Bonne nouvelle pour les épargnants à la recherche de défiscalisation. La Commission européenne a finalement rendu un avis positif sur le dispositif IR-PME de réduction d’impôt sur le revenu (IR) temporairement majoré à 25% pour la souscription au capital de PME ou d’entreprises solidaires d’utilité sociale (ESUS) et de parts de fonds communs de placement dans l’innovation (FCPI) et fonds d’investissement de proximité (FIP).

Pour les versements effectués jusqu’au 31 décembre 2020

Cette majoration du taux de réduction d’impôt de 18% à 25% pouvant constituer une aide d’état, la France se devait au préalable d’obtenir l’accord de Bruxelles. L’entrée en vigueur du taux de 25% reste maintenant soumis à la publication d’un décret en droit français qui ne devrait plus tarder, sachant que la loi de finances 2020 l’a déjà validé pour les versements effectués jusqu’au 31 décembre 2020.

Un crédit d'impôt restitué en juillet N+1

Concrètement, lorsqu'un on investit au capital d'une PME ou d’un fonds éligible, il faut renseigner le montant investi dans la case 7 CF de sa déclaration complémentaire de revenus de l'année suivante. L'administration se charge ensuite de calculer la réduction d'impôt (en appliquant jusqu'ici un taux de 18%) qui sera restituée intégralement au mois de juillet sous forme de crédit depuis la mise en place du prélèvement à la source.
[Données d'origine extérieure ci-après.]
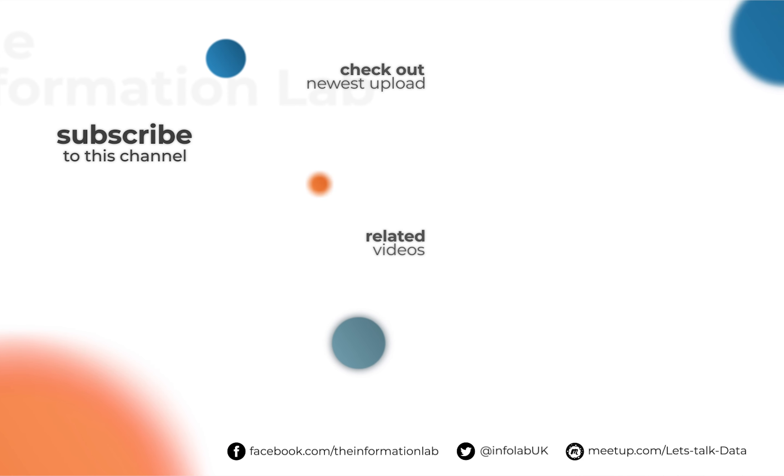If you like this video please subscribe to the channel and check out the feature release playlist for more awesome features.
Pour les investissements réalisés cette année, la réduction de 25% serait donc perçue en juillet 2021 sur la base du montant déclaré au printemps 2021.

A SAVOIR

La raison de cette majoration remonte à 2018. Le gouvernement avait à l’époque décidé de relever temporairement (pour une année) de 18% à 25% le taux de la réduction d’impôt accordée aux investissements au capital de PME pour compenser la baisse des souscriptions prévue suite à l’abandon de l’ISF et du dispositif ISF-PME. Depuis, l’accord de Bruxelles se faisait attendre.